He also asked what they would tell a new engineering grad about today’s industrial job environment. Here are a few comments:
“Don’t accept that all manufacturing jobs will be sent offshore,” said one respondent. “There are plenty of opportunities and strong business cases to manufacture in the U.S. and to do so competitively. Look for automation as a method to make higher quality and better products. Not just hardware automation, but process automation.”
To improve education, another survey respondent thought curriculum planners should teach “the business side of engineering; when I completed school, I had very little experience or knowledge of how to complete a cost estimate for a task or project. I am confident that most graduating engineers know that most decisions have monetary implications, but they don’t have a good base of how to determine a value for that.”

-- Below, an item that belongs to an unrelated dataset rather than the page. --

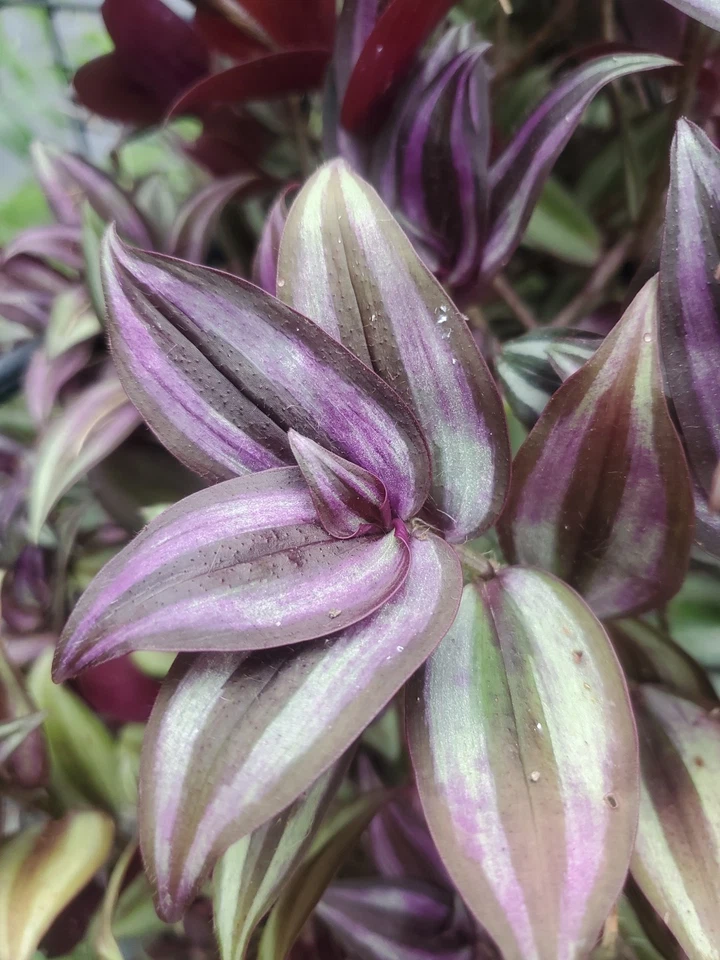 Tradescantia Zebrina Cuttings – 15 Wandering Jew Tip Cuttings 12 Inch Long with Aerial Roots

“As far as what I would tell a new grad about manufacturing…. Well, I would want them to know that just about everything they touch was the innovation of someone who ultimately used manufacturing as the means to get it in the hands of those who need it. Food, clothing, cars, homes, medicine, city infrastructure, water, power and this list goes on,” said a third respondent. “If you like innovation, manufacturing is the place to be. I know some very remarkable people who are now running major organizations that started in manufacturing.”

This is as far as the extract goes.